* **Instructions to follow**
Copy all the lines of the listing below exactly. Skip the images.
(Material provided Opens)
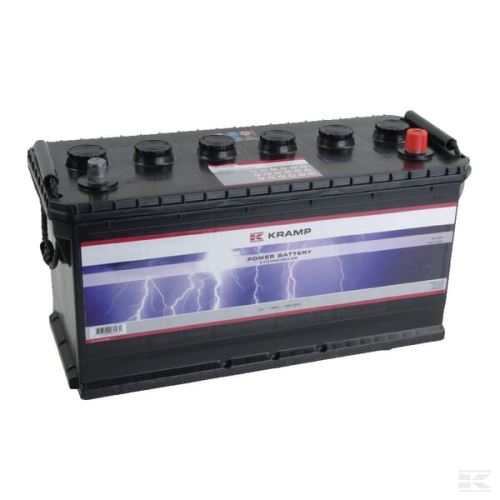 Baterie 12 V 110 Ah 850 A 610050085 Kramp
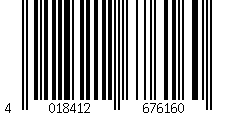 Barcode für MÜLLER-LICHT LED-SMD-Reflektorlampe, GU10, EEK: G, 6,5W, 430lm, 2700K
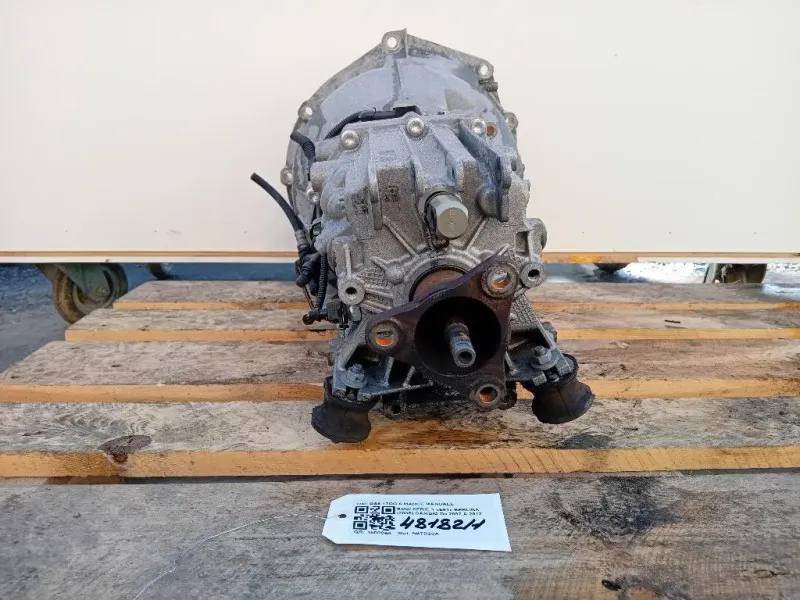 Cambio GS6-17DG 6 MARCE MANUALE Bmw Serie 1 E81 Berlina 2005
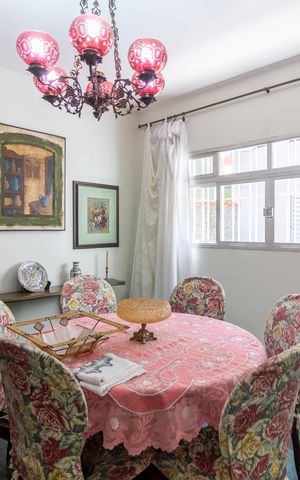 Casa de condomínio à venda com 219m², 3 quartos e 3 vagas Casa de condomínio à venda com 219m², 3 quartos e 3 vagasSala de Jantar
(Material provided Closes)
* **Exercise solution**
 Baterie 12 V 110 Ah 850 A 610050085 Kramp
 Barcode für MÜLLER-LICHT LED-SMD-Reflektorlampe, GU10, EEK: G, 6,5W, 430lm, 2700K
 Cambio GS6-17DG 6 MARCE MANUALE Bmw Serie 1 E81 Berlina 2005
 Casa de condomínio à venda com 219m², 3 quartos e 3 vagas Casa de condomínio à venda com 219m², 3 quartos e 3 vagasSala de Jantar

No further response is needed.